Publicado en A partir de 11 años, Cuento

Coraje, un Conejillo de Indias. Capítulo 4. Final

Ya afuera, me erguí (todo lo que se puede enguir una pequeña ratita como yo), moví mi hocico 360 grados miles de veces, y salté frenéticamente hacia la mole.

En ese momento la montaña volvió a temblar; el eco que semejaba una explosión de palabras se convirtió en un atormentante llanto. La estructura comenzó a partirse en dos (como lo había hecho antes el arcoiris), y se dejó ver, al final de un camino (un verdadero camino de tierra), a casi cincuenta metros de distancia, una enorme cascada.

No había más nada que hacer que lo que mis patas, roji-peludas y pequeñas, me pedían: correr hacia ella a toda velocidad. ¿Era esa el agua ansiada que tanto habíamos buscado? No lo podía creer. En medio de la euforia que me hacía correr a toda velocidad sentí que aquel medio kilómetro se me hizo tan corto como unos pocos pasos.

Y al llegar me lancé de un salto, como un dibujo animado, sin miedo a caer al vacío, hacia las alborotadas aguas que corrían debajo de la gran cascada. Hundido en el agua, con todos mis pelos empapados, vi mi color rojo perderse por completo y, como un perfecto ratón albino, seguí moviéndome con la corriente del inmenso lago que recogía esa perfecta, pura, y cristalina agua.

Hasta que logré subir a la superficie, y ahí, como una boya regordeta, sin el más mínimo rastro del color que toda la vida me había caracterizado, vi a todos mis hermanos saltando como locos, por encima de mí. Cada uno de ellos siguió mis pasos hacia el hermoso lago.

Mientras me rodeaban por todos lados, sintiendo sus chillidos descontrolados de alegría, entendí que nunca había sido mi color, ni el hecho de no tener cuerdas vocales, lo que me hizo llegar a la meta.

Yo era uno más, de entre tantos; y como tantos, no tenía nada diferente que me ayudara a liderar aquella valiente travesía.
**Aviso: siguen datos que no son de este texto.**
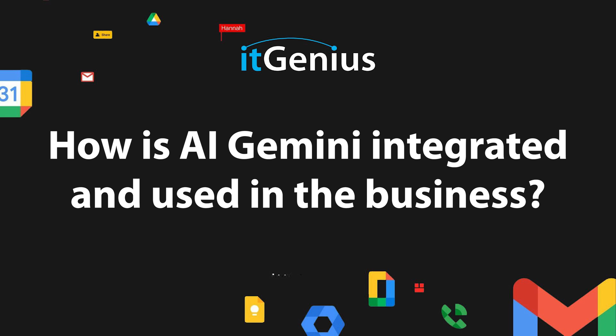How is AI Gemini integrated and used in the business? So if you're a small business owner and you're curious...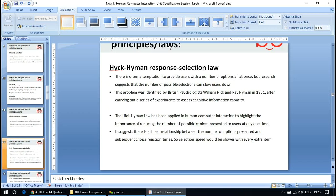The Hick-Hyman Law: there's often a temptation to provide users with many options all at once, but research suggests the number of possible selections can slow users down. This problem was identified by British psychologists William Hick and Ray Hyman in 1951 after a series of experiments to assess cognitive information capacity. The Hick-Hyman Law has been applied in HCI to highlight the importance of reducing the number of possible choices presented to users at any one time — it suggests a linear relationship between the number of options and reaction times.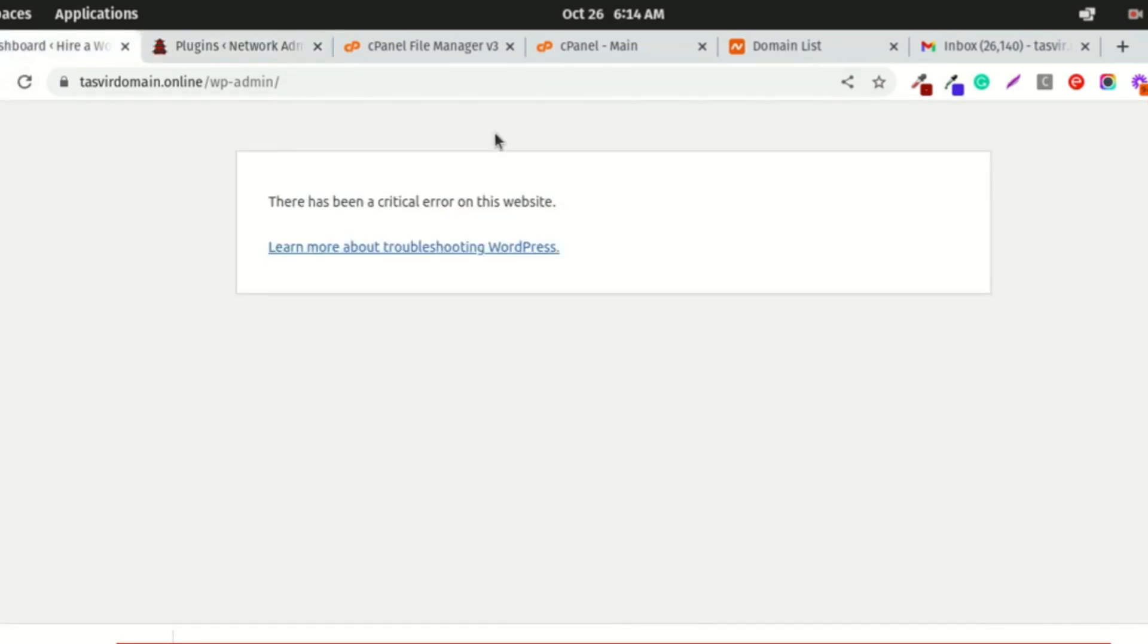That's how you debug and find out which plugin is causing this error. When I refresh and visit the frontend of the website now, it's perfectly fine.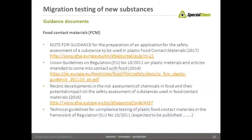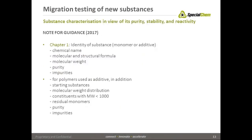How to perform migration testing is already clearly presented in the available regulation. When we go step by step in the development of migration tests for new substances that shall be included in the European positive list, we have a look into the note for guidance from last year.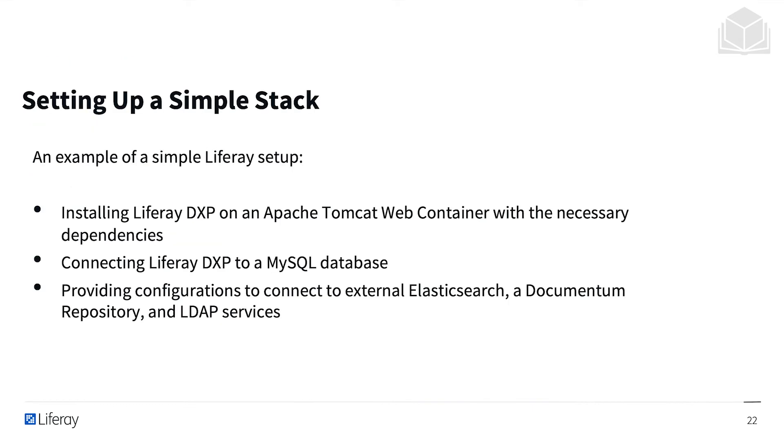Setting up a simple stack involves installing Liferay DXP on an Apache Tomcat web container, connecting Liferay DXP to a MySQL database, and providing configuration to connect to external Elasticsearch, the platform repository, and LDAP service.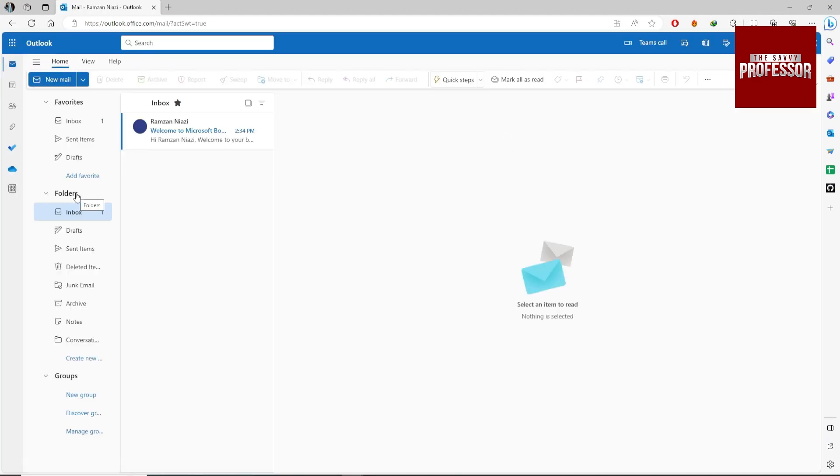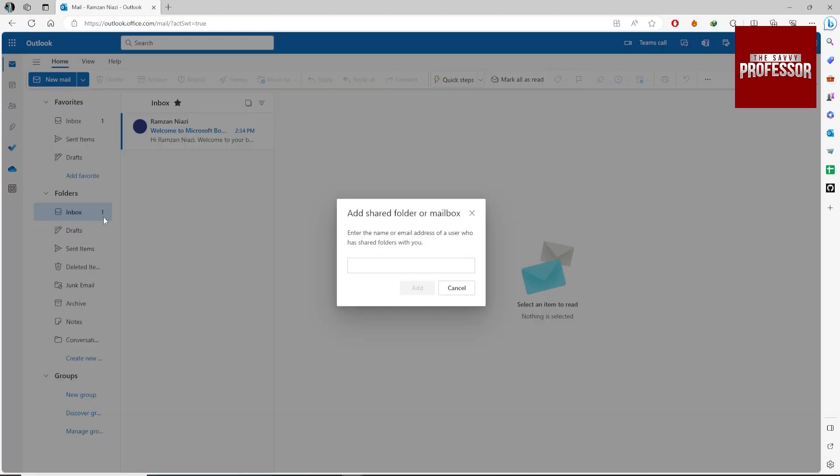Now right click on the folder, click on add shared folder or mailbox and enter the email of your shared account.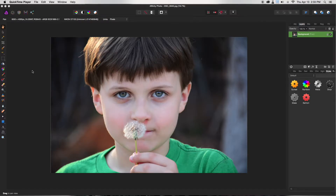Today I'm going to be showing you a really neat edit that I thought turned out really well. Disclaimer: I took this photo — this is not another photographer's — and I really hope that you enjoy this tutorial.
Era solo una ratita que creyó estar preparada para salvar al mundo, respaldada por el mejor equipo de amigos, y con una pequeña arma secreta: coraje. Pensé que quizá así debía llamarme a partir de ese momento.

Y así lo grité (o lo chillé): «me llamo Coraje». Mi nombre rebotó en todos mis alrededores desde mis perfectas cuerdas vocales (fuertes como la misma mole que casi nos había aplastado), que por primera vez me hacían hablar. La felicidad me llenaba el alma mientras veía mis pelos empaparse con aquella maravillosa agua.